Image-text web data:
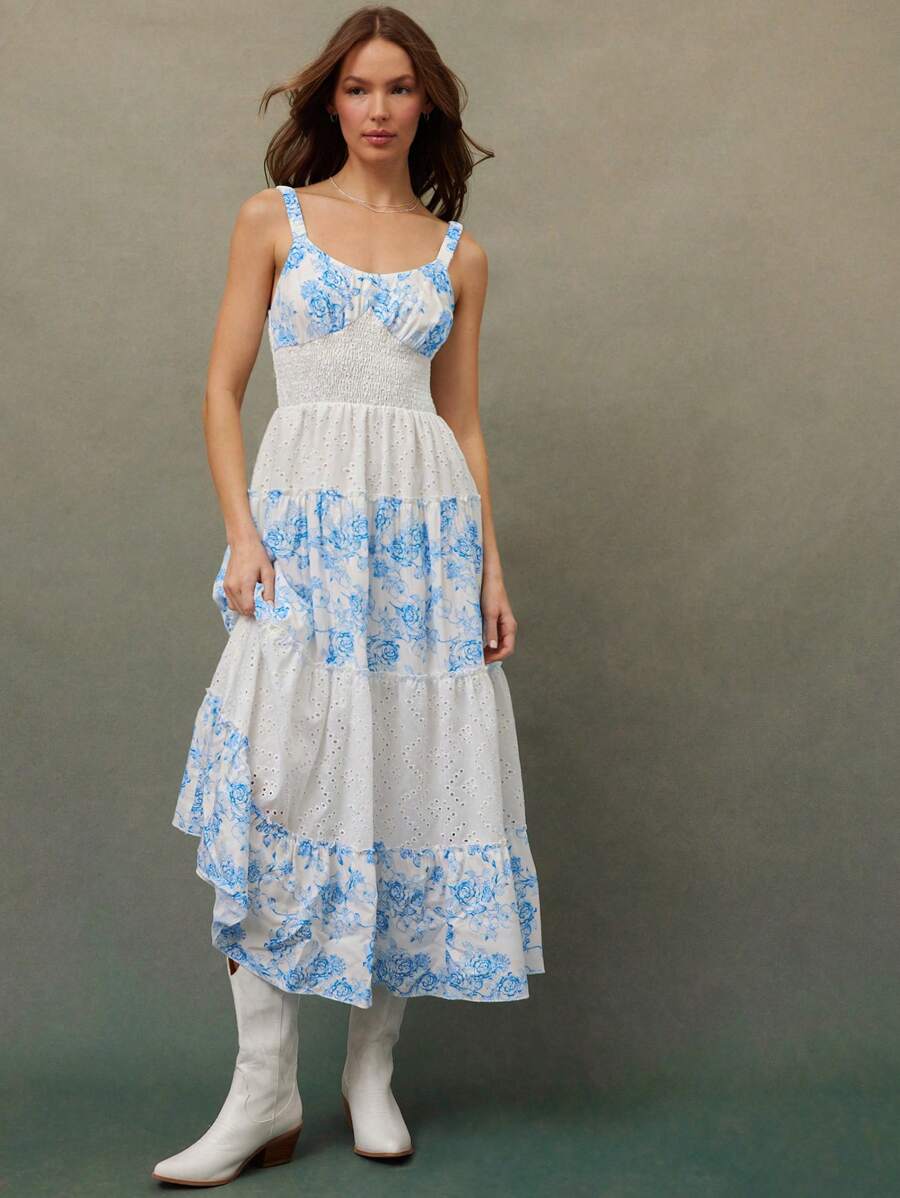 WESTFADE Spring Summer Mixed Floral Pattern And Eyelet Embroidery Smocked Sleeveless Fit And Flare Dress 90s Dress - Blue - View 1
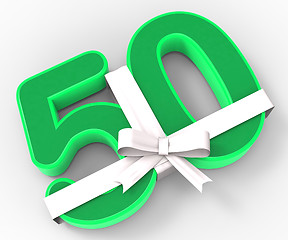 Image showing Number Fifty With Ribbon Displays Fiftieth Birthday Celebration 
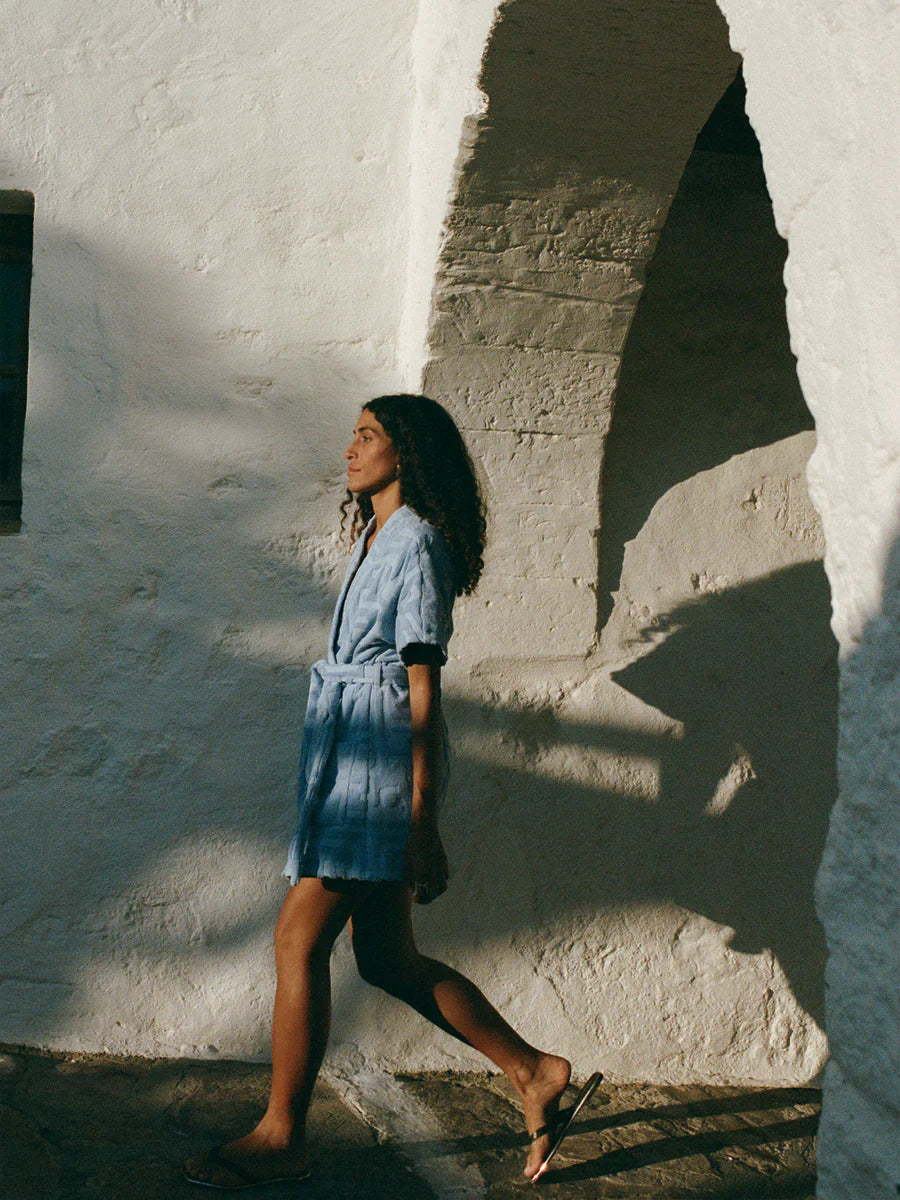 Towelling Mini Robe Kin Cornflower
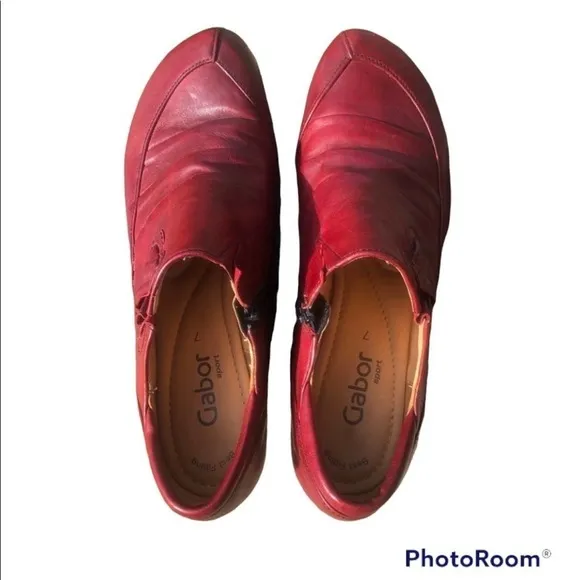 Gabor Sport Leather Ankle Trouser Boot Shoe NWOT Size 9 Red Career Hipster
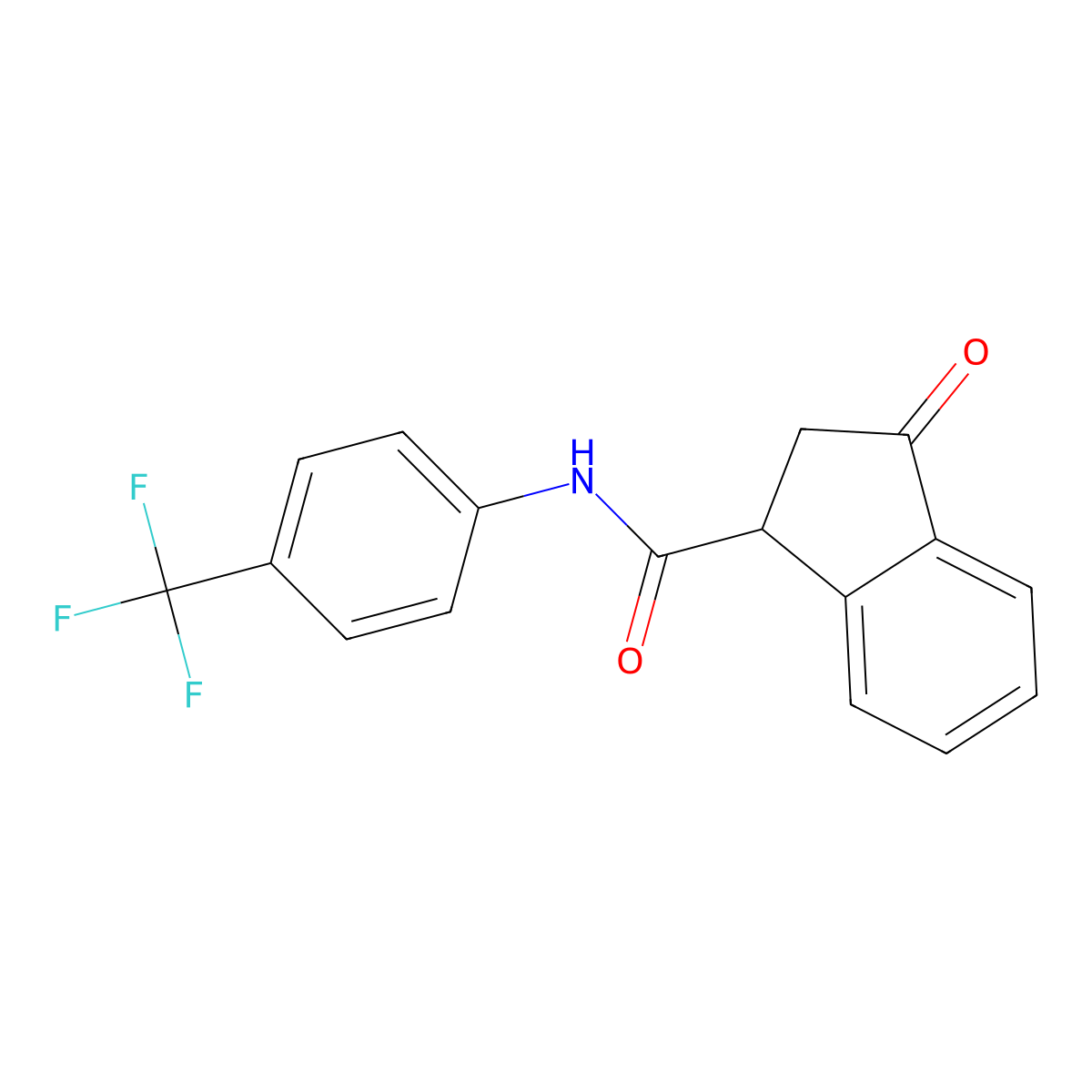 3-oxo-N-[4-(trifluoromethyl)phenyl]-2,3-dihydro-1H-indene-1-carboxamide molecular structure, CAS 1207004-76-9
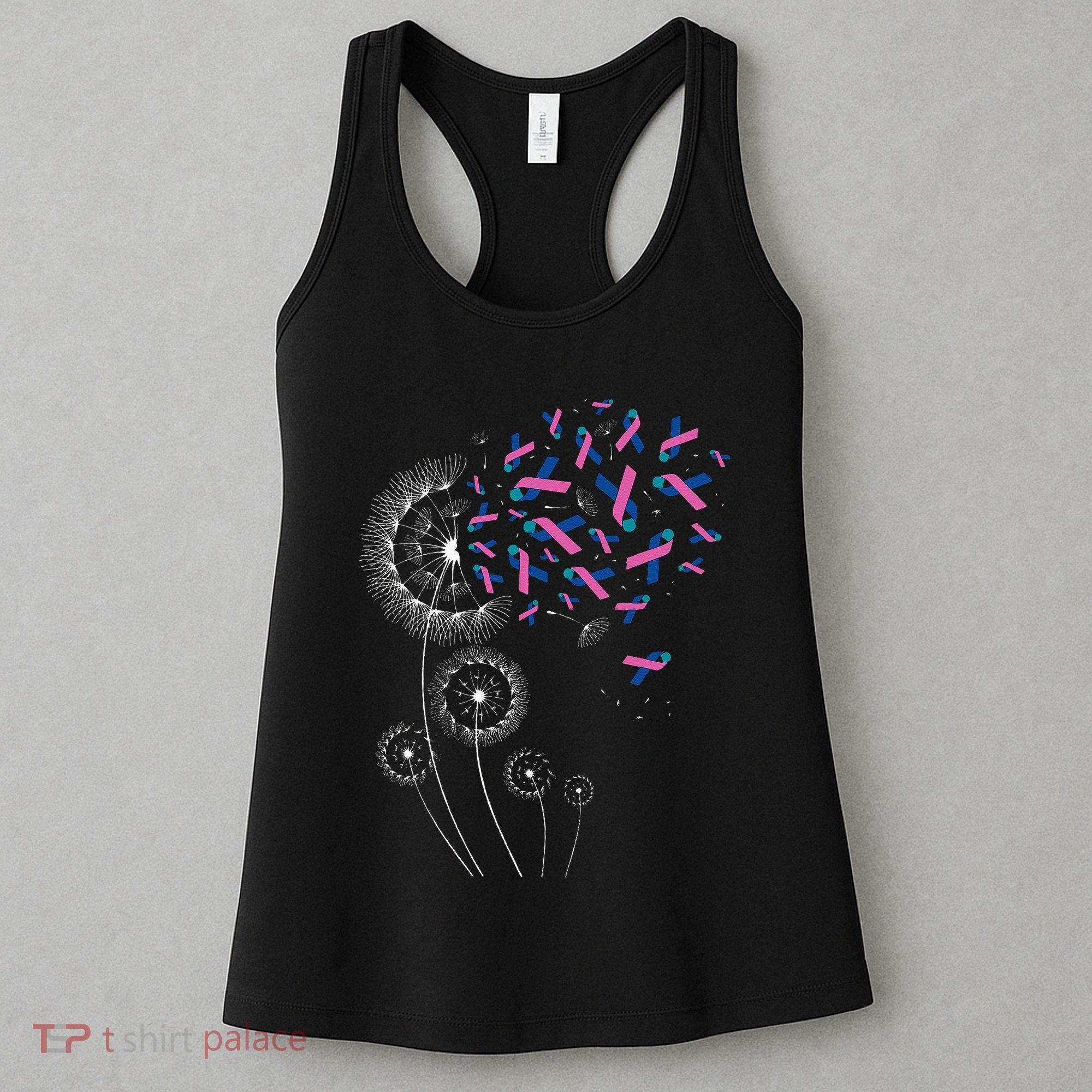 Teal Pink Blue Ribbon & Dandelion Thyroid Cancer Awareness Women's Tank Top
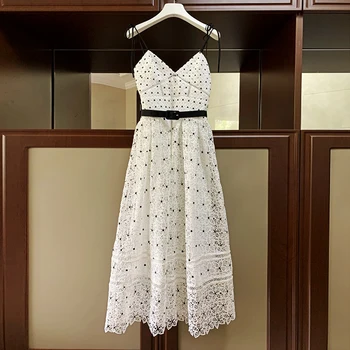 

Herudoan Bohemian Vacation Dress Women Fashion Designer Summer Spaghetti Strap Print Hollow Out Lace Midi Dress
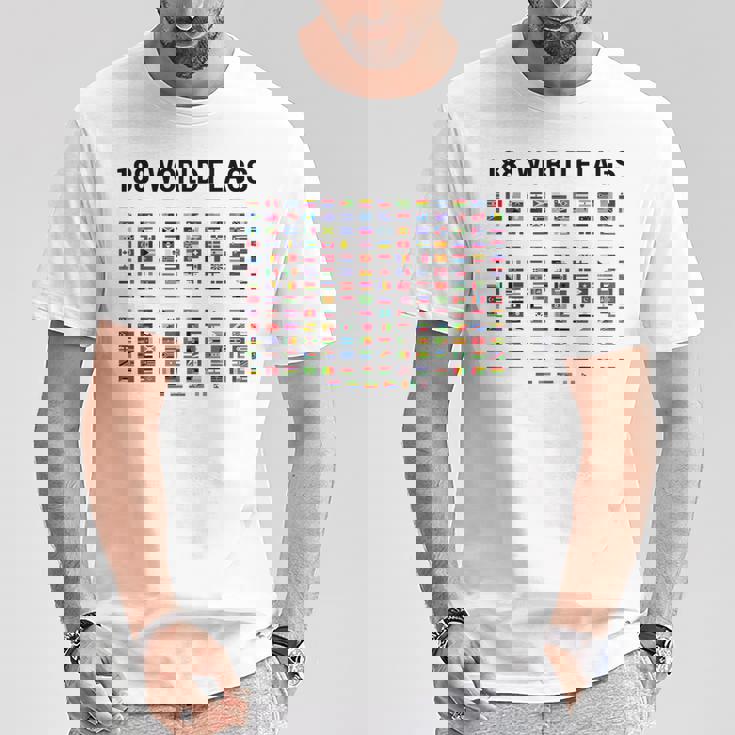 188 世界の国旗 世界の国旗 世界地図 Tシャツ 面白い贈り物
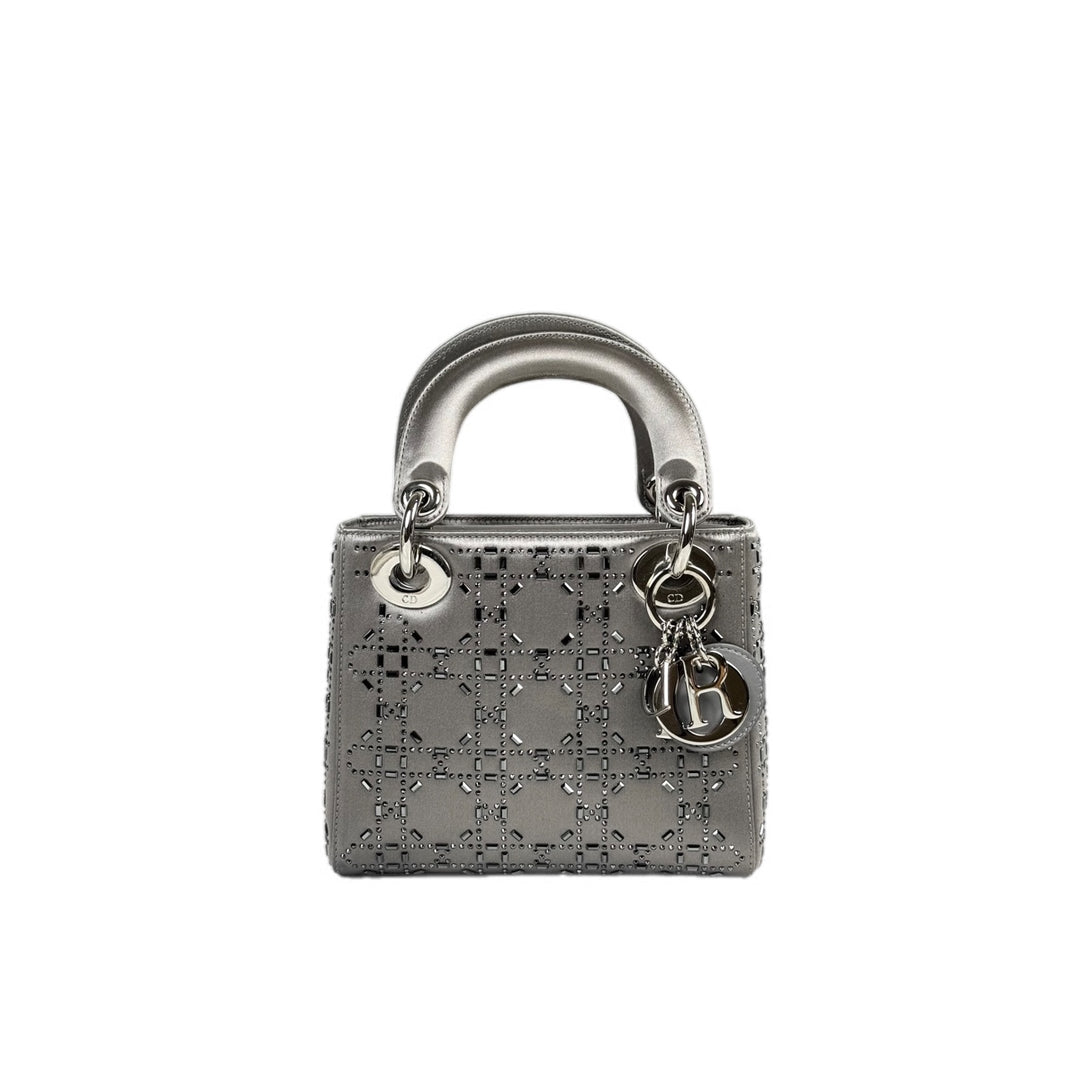 Dior Lady Dior Mini Grey Silk Crystal Bag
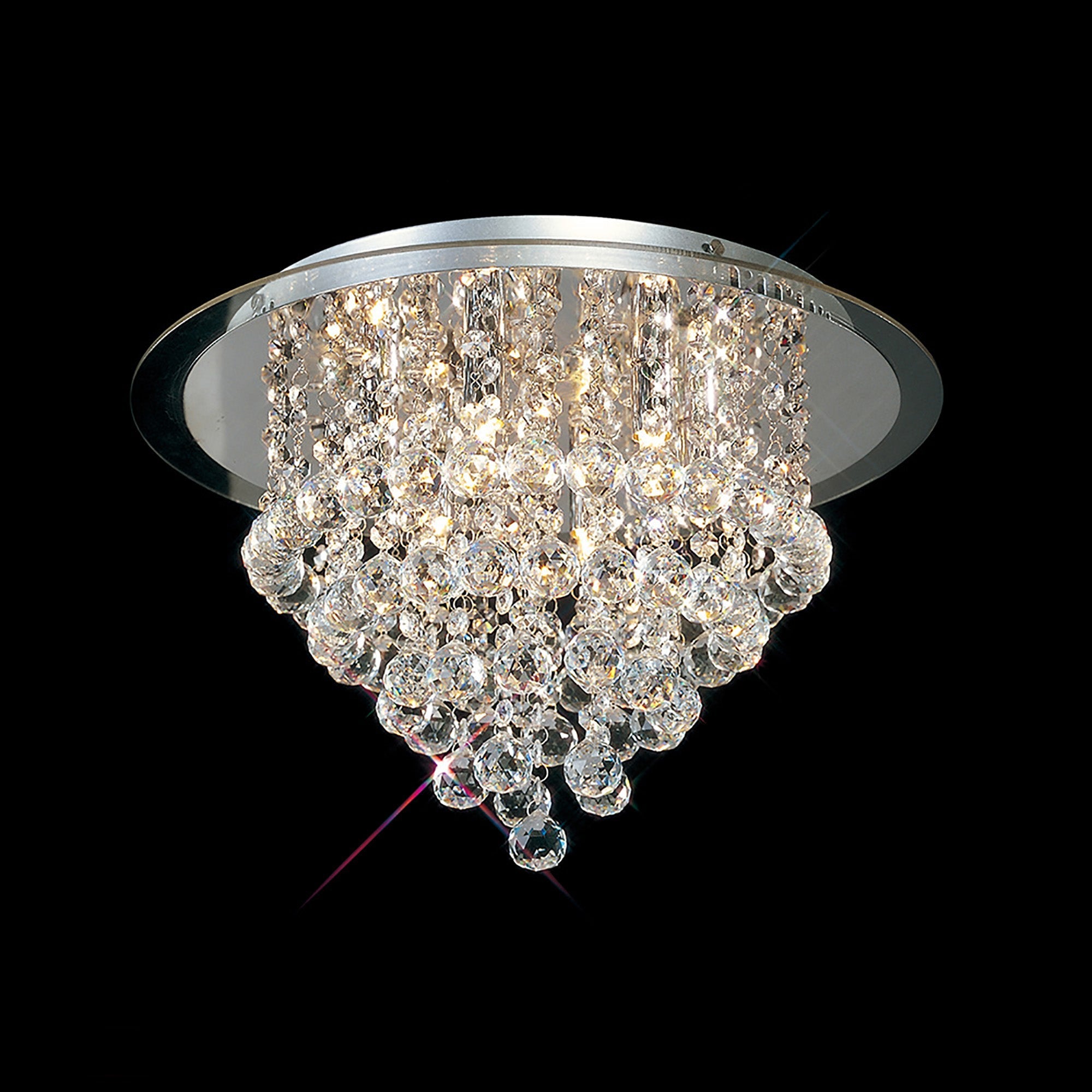 Diyas - Atla Large Semi Flush Crystal Ceiling Light - Luminosity Designs Ltd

• Task to carry out
Write every entry again exactly as given, skipping the pictures.

• Reply
 WESTFADE Spring Summer Mixed Floral Pattern And Eyelet Embroidery Smocked Sleeveless Fit And Flare Dress 90s Dress - Blue - View 1
 Image showing Number Fifty With Ribbon Displays Fiftieth Birthday Celebration 
 Towelling Mini Robe Kin Cornflower
 Gabor Sport Leather Ankle Trouser Boot Shoe NWOT Size 9 Red Career Hipster
 3-oxo-N-[4-(trifluoromethyl)phenyl]-2,3-dihydro-1H-indene-1-carboxamide molecular structure, CAS 1207004-76-9
 Teal Pink Blue Ribbon & Dandelion Thyroid Cancer Awareness Women's Tank Top

Herudoan Bohemian Vacation Dress Women Fashion Designer Summer Spaghetti Strap Print Hollow Out Lace Midi Dress
 188 世界の国旗 世界の国旗 世界地図 Tシャツ 面白い贈り物
 Dior Lady Dior Mini Grey Silk Crystal Bag
 Diyas - Atla Large Semi Flush Crystal Ceiling Light - Luminosity Designs Ltd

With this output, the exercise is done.